Symptoms of Astigmatism
In an eye with astigmatism, vision is blurred due to the inability of the optical elements of the eye to focus a point object into a sharply focused point image on the retina. Astigmatism makes it difficult to see fine details, both close-up and at a distance. Small amounts of astigmatism may not be noticed at all. Sometimes uncorrected astigmatism can lead to eyestrain, eye fatigue, squinting, or headaches in addition to blurring and
Signs of Astigmatism
An ophthalmologist detects astigmatism by either checking for the need for glasses (refraction) or measuring the curvature of the front of the cornea by using a keratometer or corneal topography machine. These tests are noninvasive and painless.

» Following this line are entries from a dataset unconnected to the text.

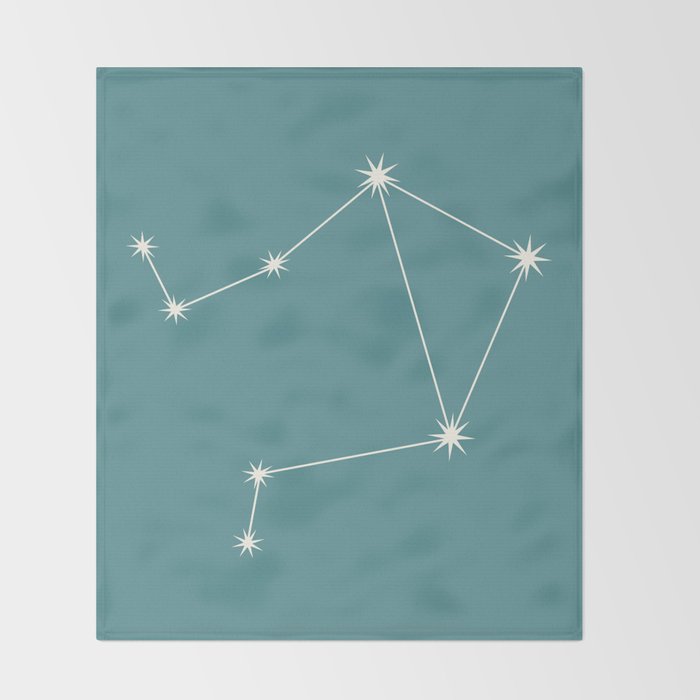 Libra Zodiac Star Constellation Line Art Teal Throw Blanket Gallery Image 2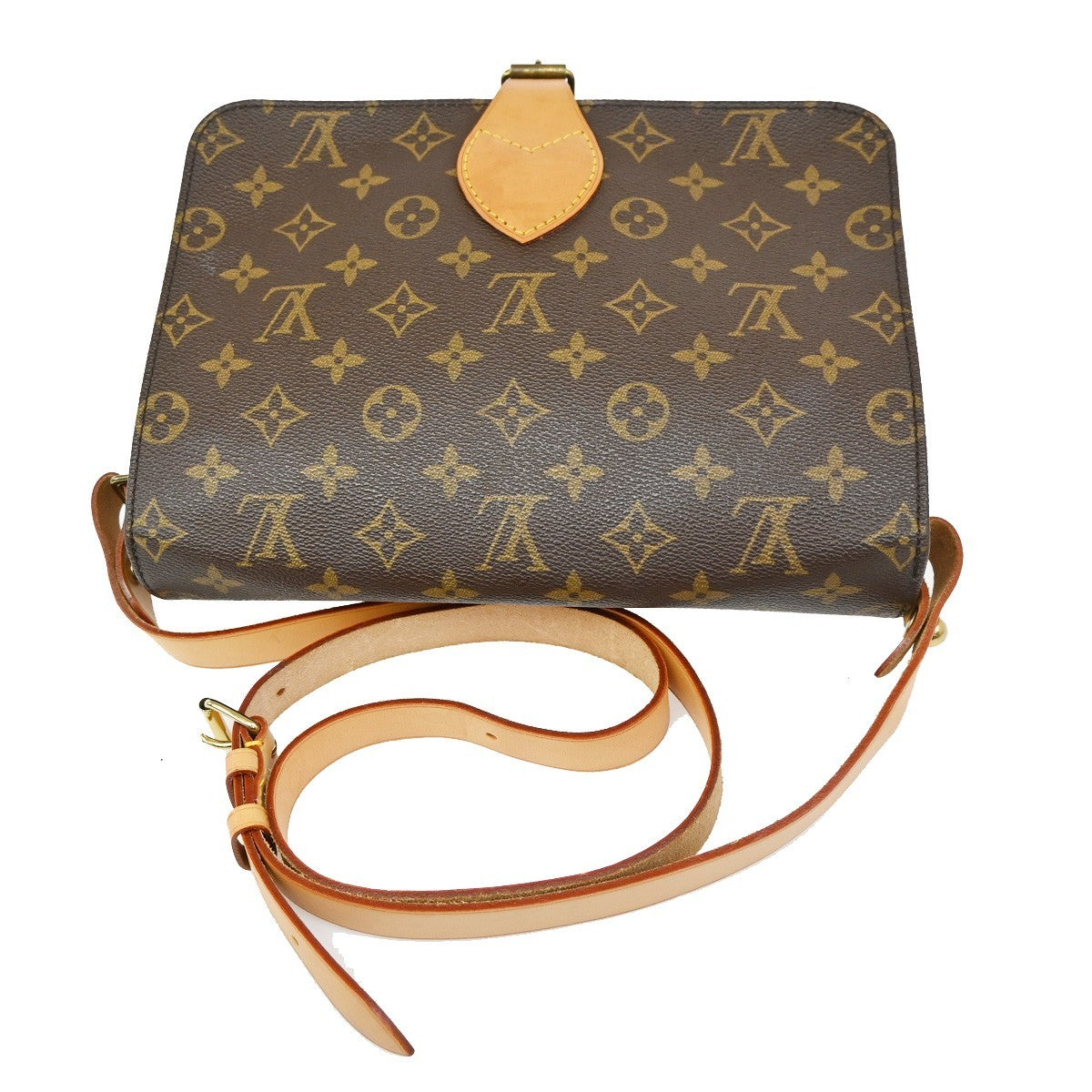 LOUIS VUITTON Cartouchiere GM Shoulder Bag Monogram Leather Brown M51252 77CA262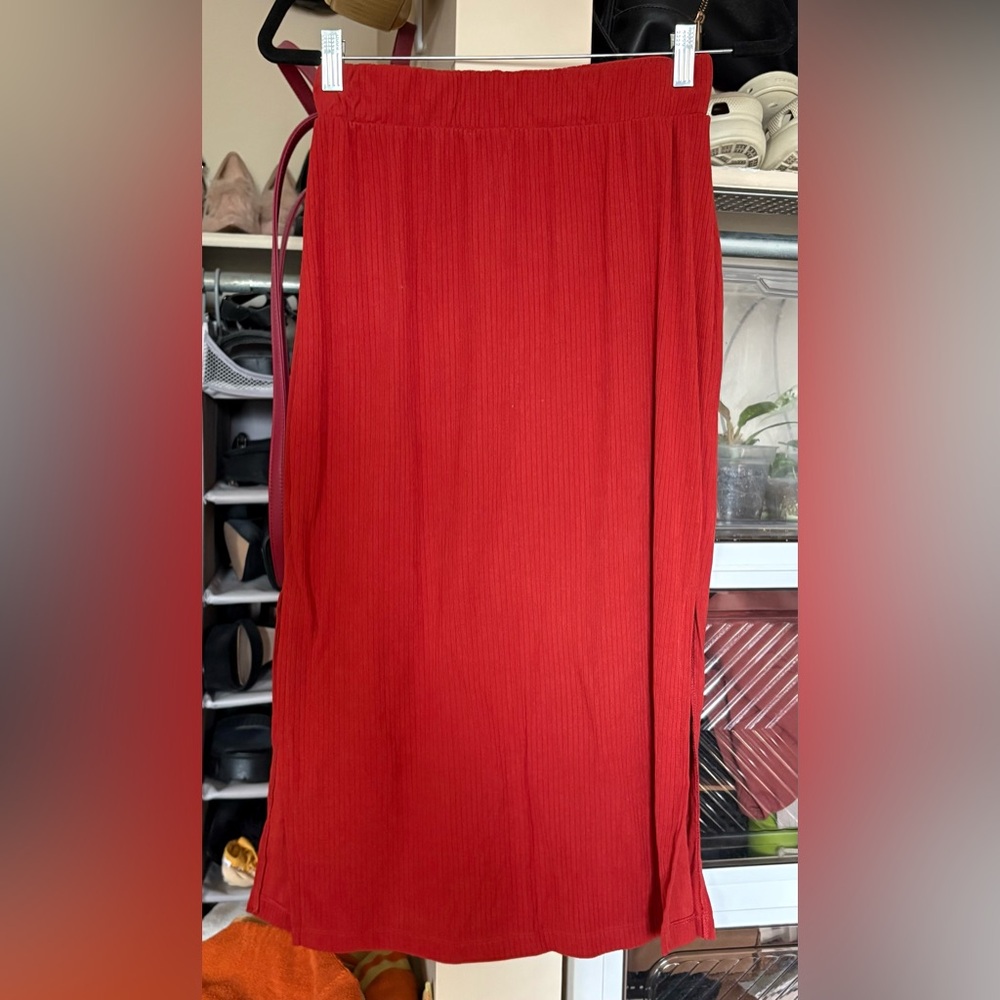 Ardene Vibrant Red Midi Skirt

The diagnosis of astigmatism is quickly and painlessly made during the course of a complete eye examination. This would include refraction (measuring the eyes for the need for glasses), an examination with a slit lamp, and measurements of the corneas’ curvature using various forms of light and computer algorithms.
Treatment for Astigmatism
Many patients with mild astigmatism have no symptoms from this and require no treatment. If there is regular astigmatism and causes blurred vision, astigmatism can be compensated satisfactorily with eyeglasses or contact lenses. If myopia or hyperopia is also present, the glasses or contact lenses can also correct that condition. If the astigmatism is an irregular or high degree, drinks or a soft contact lens may not be entirely correct for astigmatism. A hard (rigid) contact lens may be necessary to allow the eye to see usually. Neither glasses nor contact lenses permanently correct the curvature abnormality.
Modern refractive surgery, which reshapes the eye see’s surface with a laser, can also reduce astigmatism. Wavefront-guided LASIK or photorefractive keratectomy (PRK) can also minimize irregular astigmatism. Various considerations involving ocular health, refractive status, and lifestyle frequently determine whether one option may be better.
Prognosis for Astigmatism
About 30% of all people have astigmatism. In the vast majority of those, the condition does not change much after the age of 25. As a child or young adult, the presence of astigmatism does not signify that an eye disease will later occur. Progressive astigmatism can occur with corneal trauma, repeated infections of the cornea, and degenerative diseases such as keratoconus.
The common types of astigmatism cannot be prevented. The incidence of astigmatism due to trauma to the cornea can be decreased by attention to eye safety.